Great pics! Its good to see the "goon squad" on the Sprinter did not sour you on your photographic endeavors. Those jerks are the kind of morons who would let dollar bills blow past them while they where stooped over picking up pennies.


----------



## WhoozOn1st (Jan 7, 2011)

As with the supposed moon landings, clearly Hollywood trickery - and/or Photoshop/computer trickery, these days. Everybody knows it does NOT snow in southern California.


----------



## gswager (Jan 8, 2011)

WhoozOn1st said:


> As with the supposed moon landings, clearly Hollywood trickery - and/or Photoshop/computer trickery, these days. Everybody knows it does NOT snow in southern California.

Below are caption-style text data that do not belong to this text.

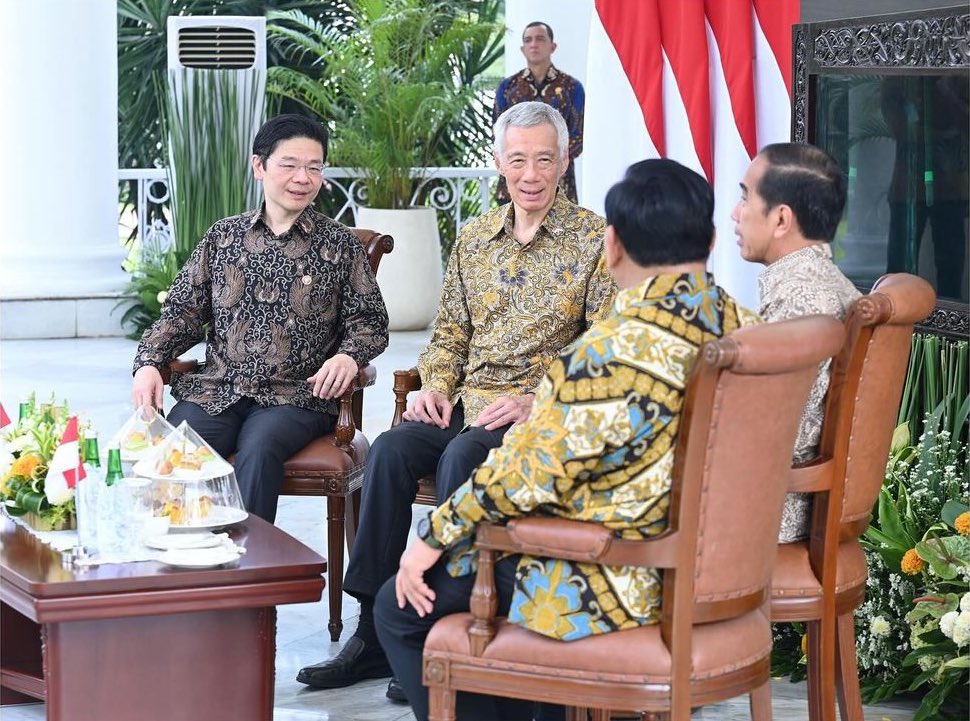 Hari ini saya turut mendampingi Presiden RI Joko Widodo di Istana Bogor untuk bertemu dengan Perdana Menteri Singapura Lee Hsien Loong dan juga Wakil Perdana Menteri Lawrence Wong yang akan menjadi Perdana Menteri Singapura pada 15 Mei mendatang. Pertemuan ini dilakukan dalam…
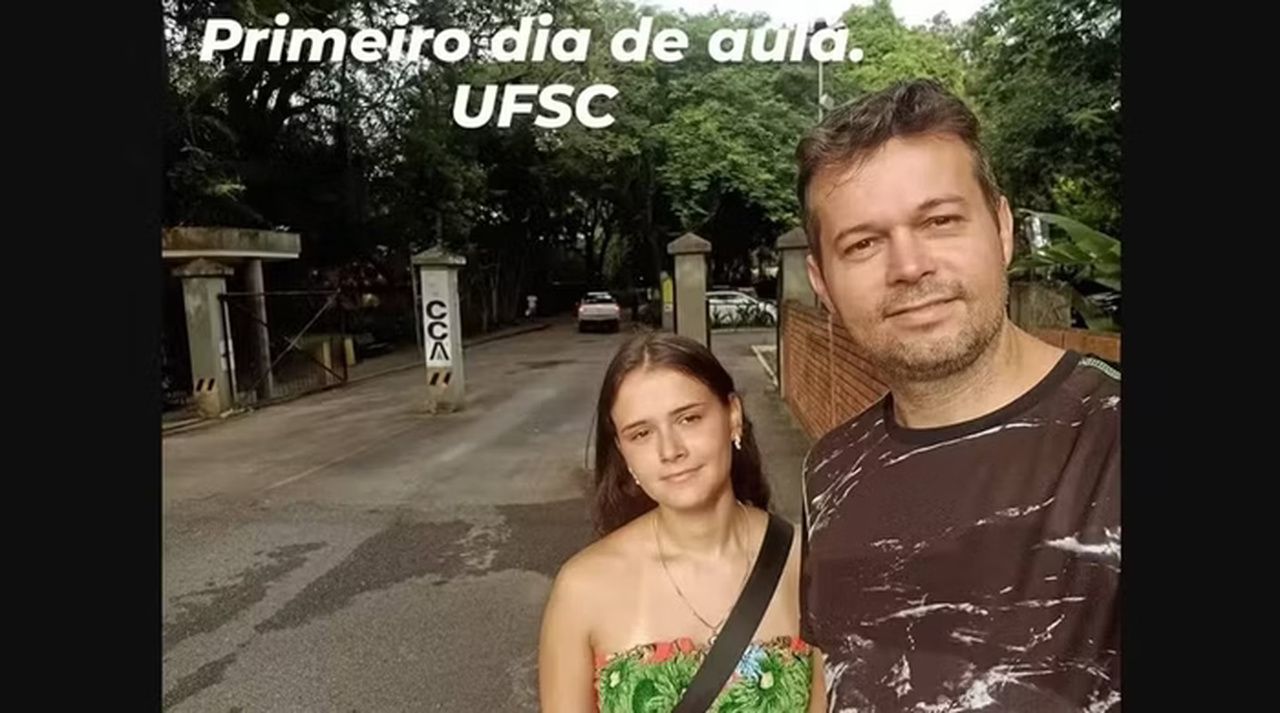 Pai leva filha até a sala em 1º dia de aula na universidade
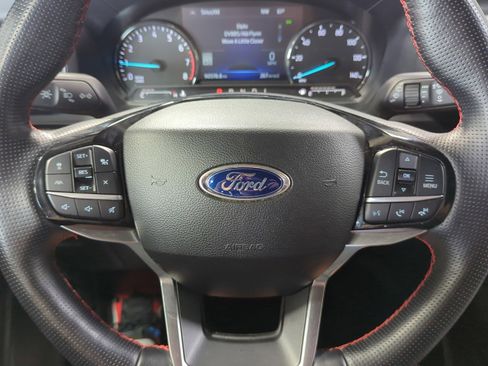Used 2022 Ford Explorer ST-Line image 23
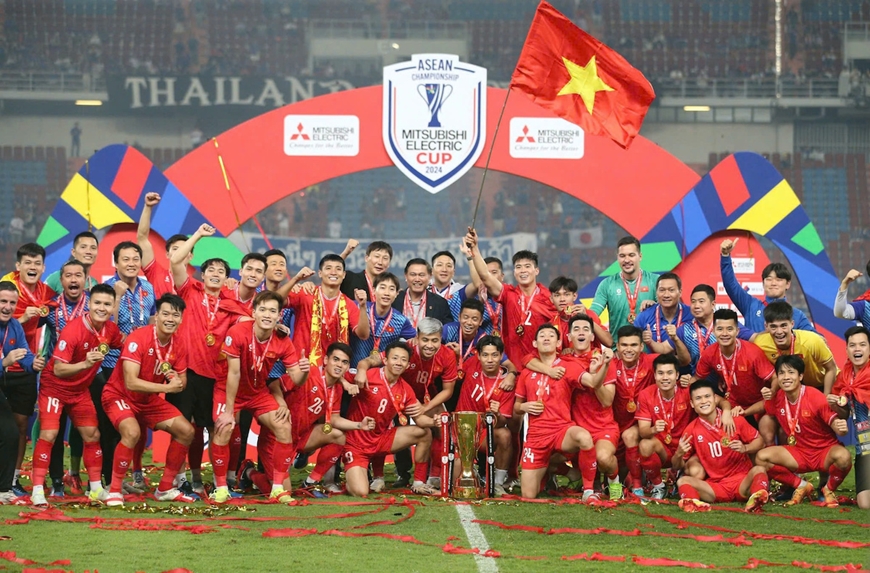 Các thành viên đội tuyển Việt Nam mừng chức vô địch ASEAN Cup 2024. Ảnh: VIỆT AN 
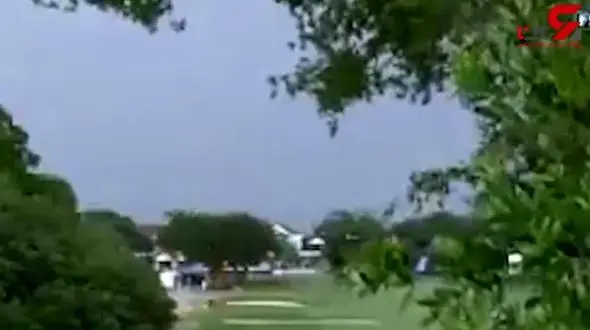 حادثه‌ای که زنان گلف‌ باز از آن جان سالم بدر بردند! +فیلم 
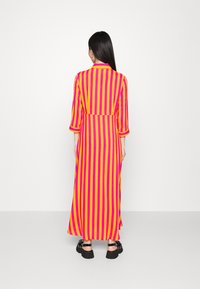 YAS Petite YASSAVANNA LONG SHIRT DRESS  - Maxi šaty - orange pepperstripes:fuchsia purple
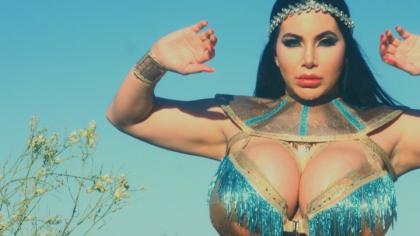 Korina Kova photo 43559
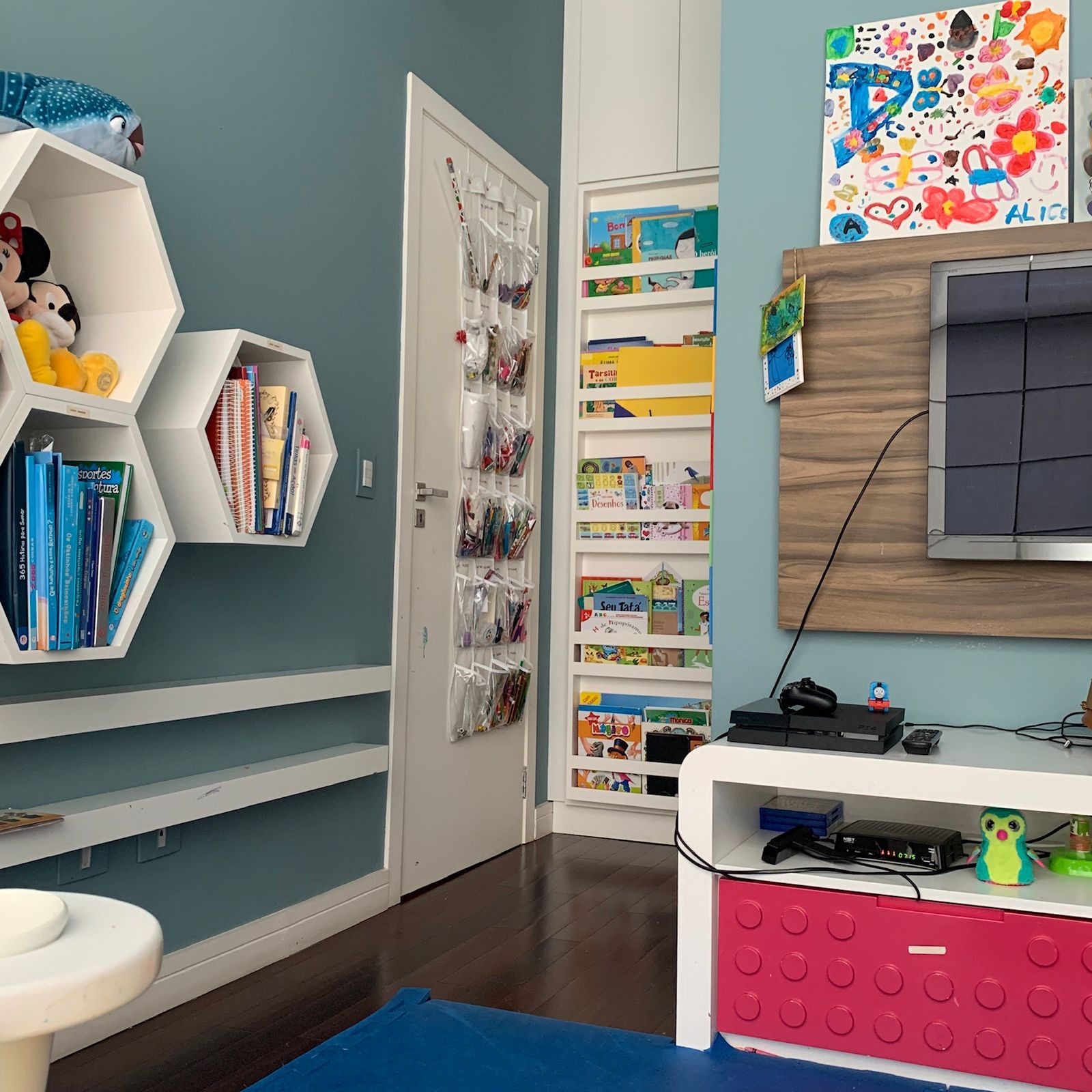 organização de brinquedos em quarto pequeno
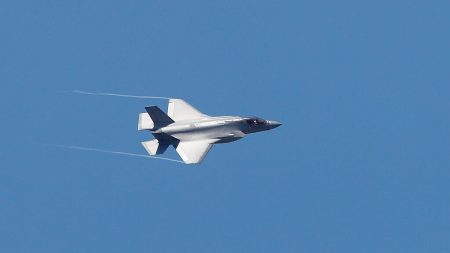 عشرون دولة في نادي الـ”F-35″ واحتمال انضمام السعودية يتصاعد.. ماذا تعرف عن هذه المقاتلة؟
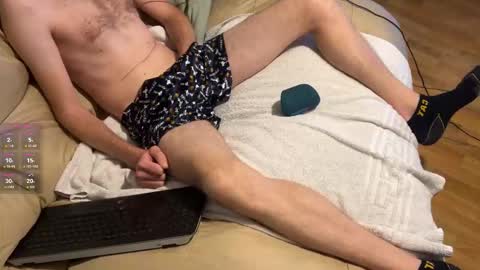 Snapshot of reikerisback chatting on 12, 10, 2025 reikerisback online show from 12, 10, 2025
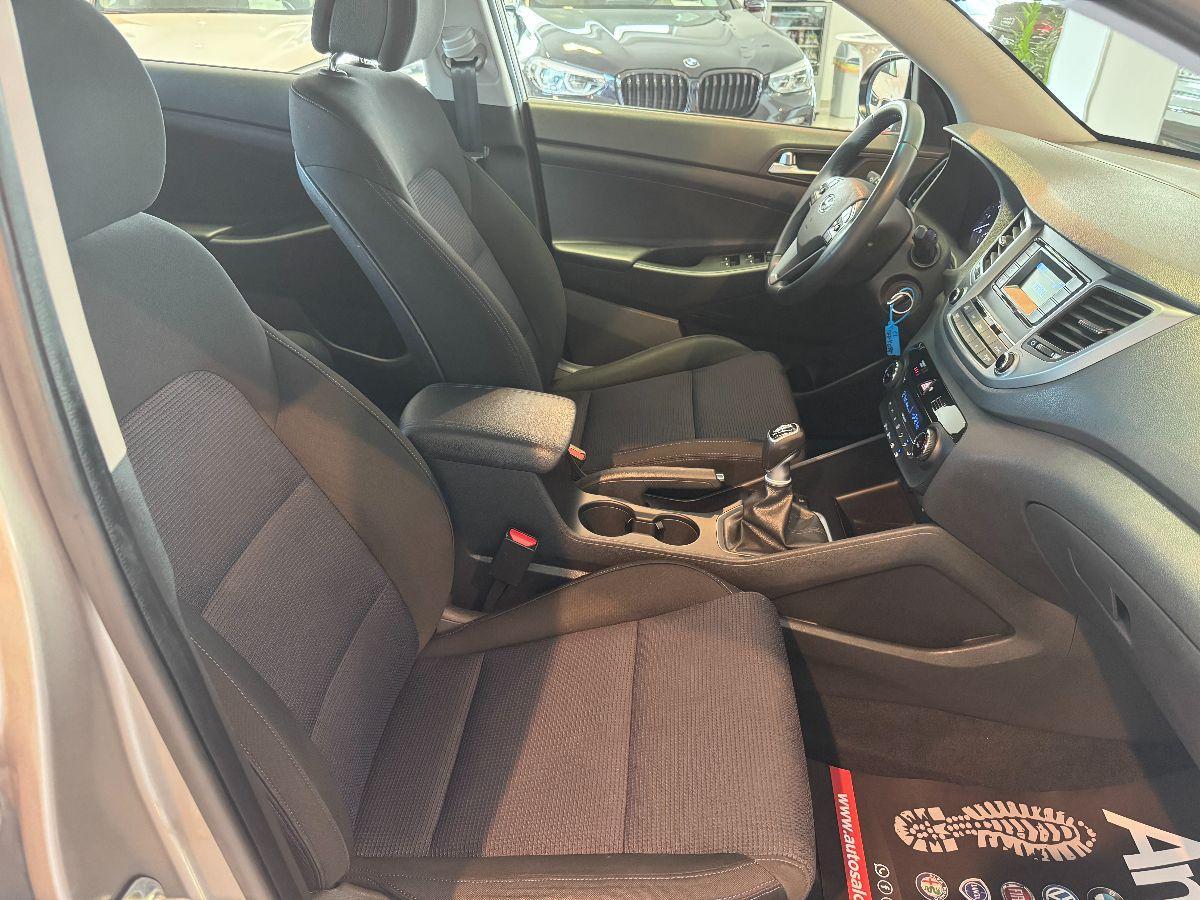 HYUNDAI Tucson 1.7 CRDi XPossible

Yes, it did snow in S. CA mountains and foothills! And in extremely rare case- the valley. It never snowed at your house, Whooz!


----------



## leemell (Jan 8, 2011)

gswager said:


> WhoozOn1st said:
> 
> 
> > As with the supposed moon landings, clearly Hollywood trickery - and/or Photoshop/computer trickery, these days. Everybody knows it does NOT snow in southern California.
> ...


It sure did, here is a pic. My father came home from his swing shift at Lockheed and got us out of bed to see the snowfall. This was in Van Nuys. It lasted most of the night and part of the next morning. We had about 12", lasted for three days and included huge icicles on the telephone and power lines. No school!


----------



## Dan O (Jan 16, 2011)

I am at about 1700 feet elevation and we occasionally get snow but it rarely sticks and then it is very sparse. However, 20 years ago it did snow enough to make small snowmen, etc. I'd guess about 3-4 inches. It was wonderful. I don't think Metrolink was running, at least in our area (San Berdo/Riverside) until a bit later.

Dan


----------